The deal means that de Blasio's administration has now reached agreements with 71 percent of the city workforce that had previously been working under expired contracts.

The USOC represents eight unions: the Detectives Endowment Association, Uniformed Fire Officers Association, Lieutenants Benevolent Association, Sanitation Officers Association, Correction Captains Association, Captains Endowment Association, Assistant Deputy Wardens/Deputy Warden Association and Uniformed Sanitation Chiefs Association. The approximately 11,900 employees they represent have worked without a contract since either 2011 or 2012. The terms of the agreements must be approved by the unions' full in-service membership.

The pattern of the tentative agreement takes the established pattern of the administration's prior contracts and adds a 1 percent raise in Year One.

The proposed seven-year contract would begin, retroactively, on dates ranging from March 2011 for the UFOA to July 2012 for the SOA, and expire seven years thereafter, respectively.

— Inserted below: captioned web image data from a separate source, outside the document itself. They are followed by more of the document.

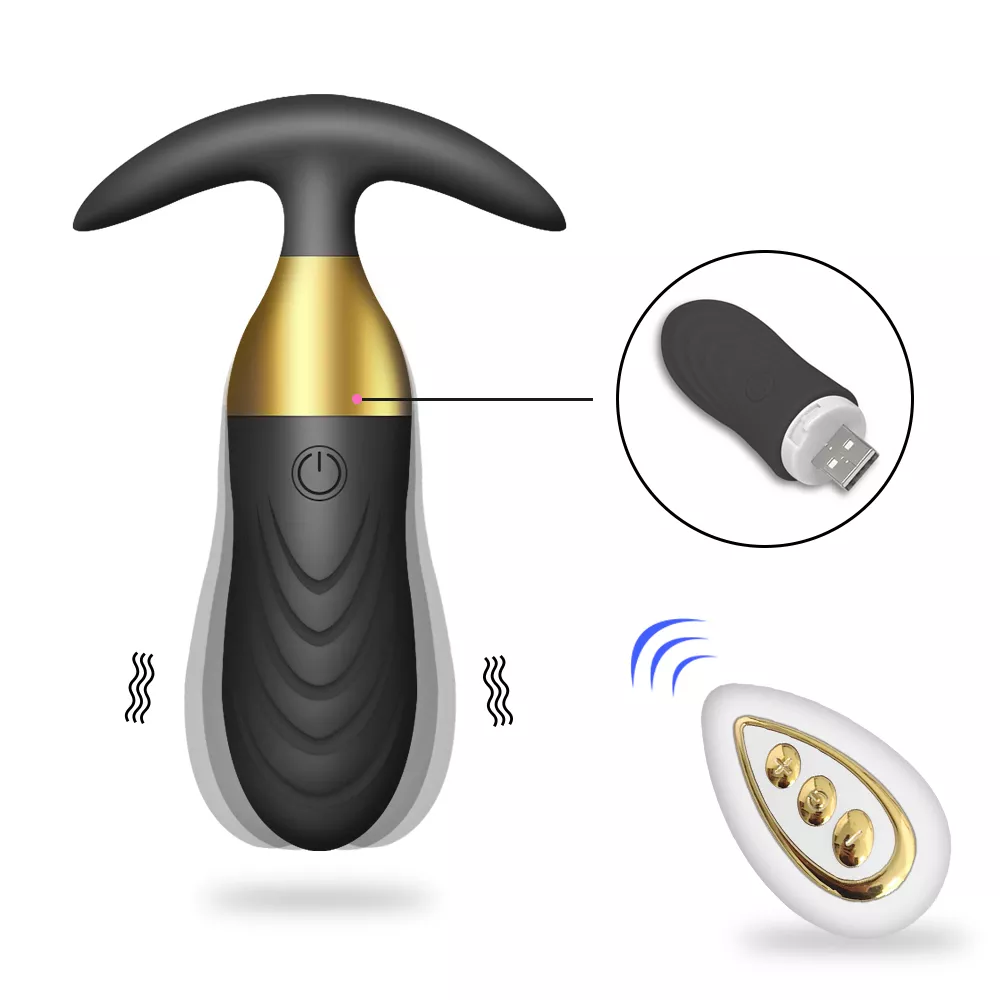 TLUDA Anal Plug Vibrator For Women Men Beginners Vibrating Butt Plug Wireless Remote Control Adults Sex Toys Black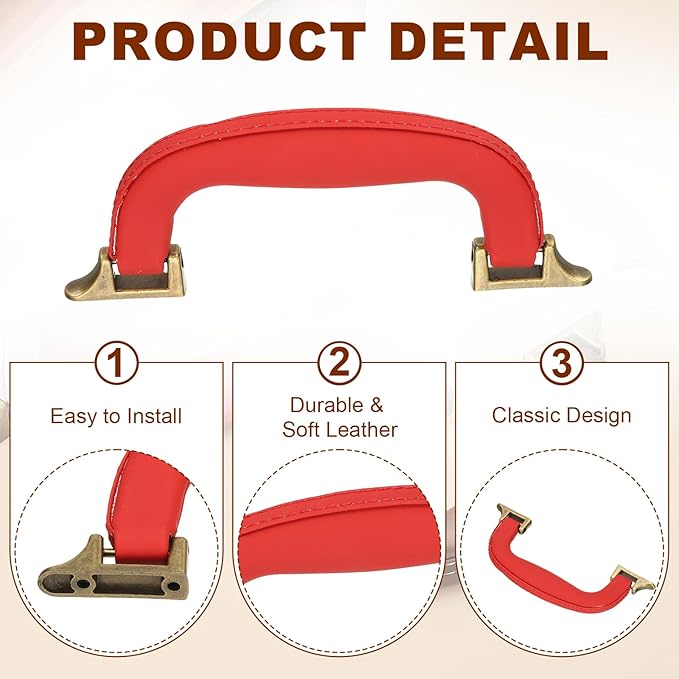 uxcell PU Leather Luggage Handle, 0.9" Hole Distance Vintage U-Shape Replacement Strap Handle for Travel Handbag Guitar Musical Box Gift Boxes, Red/Bronze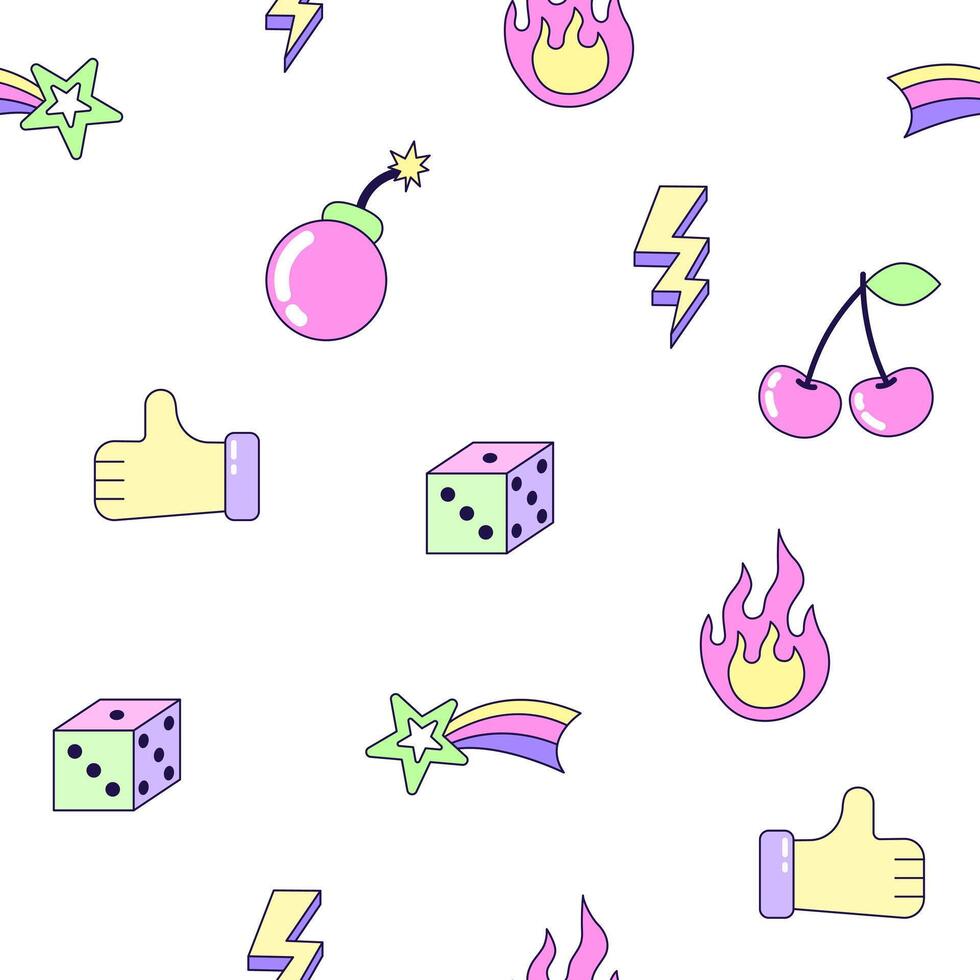 Seamless pattern with vintage flower and rainbow in style of 90s. Multicolored elements on white background. Retro illustration with outline in 90s style. illustration. vector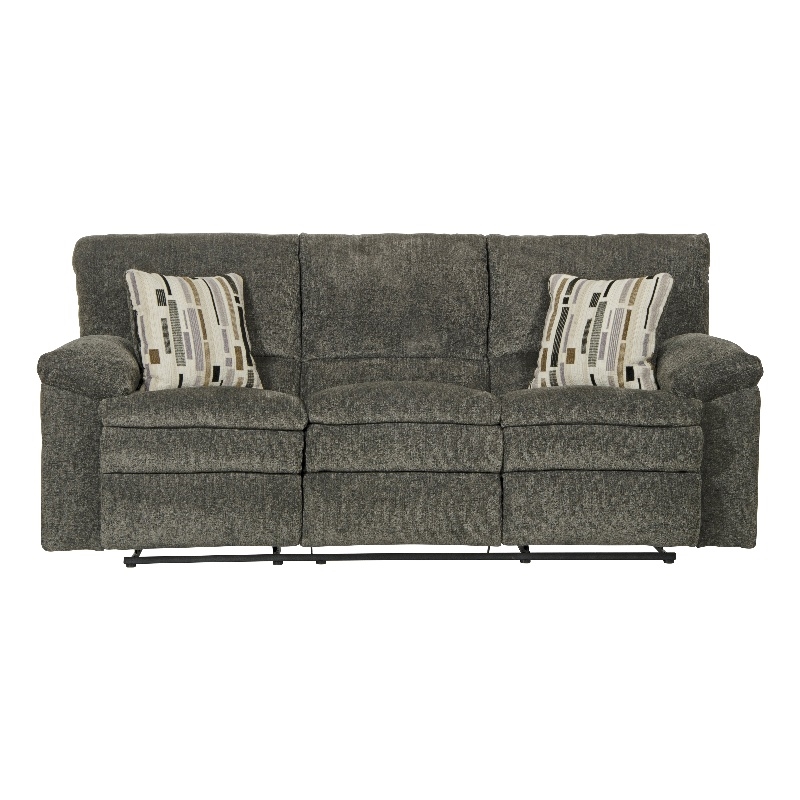 Bowery Hill Power Reclining Sofa in Soft Charcoal Gray Polyester Fabric
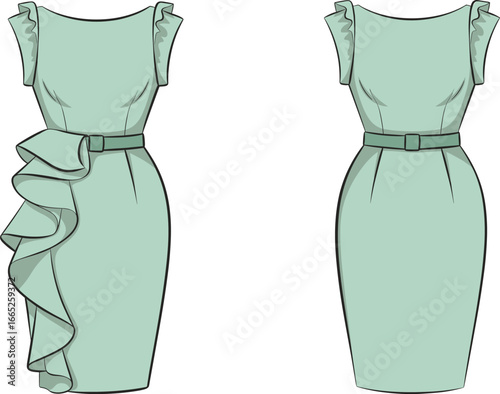 Elegant women’s dress illustration, front and back view, fashion clothing design, stylish outfit template, ruffle detail dress, apparel mockup, couture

"These uniformed officers serve and protect us every day. They watch over our families and our neighborhoods-and they deserve a contract that delivers fair wages while protecting the City's long-term fiscal health," said de Blasio. "We set out earlier this year to restore a productive and respectful dynamic between the City and its employees. And today, 71 percent of our workforce is working under contract agreements, including the unprecedented and guaranteed health care savings. Above all, this is an agreement that respects the difficult and often dangerous work our uniformed officers perform."

In total, the MLC and the City have agreed to secure $3.4 billion in health care savings through Fiscal Year 2018, and $1.3 billion in savings every year thereafter.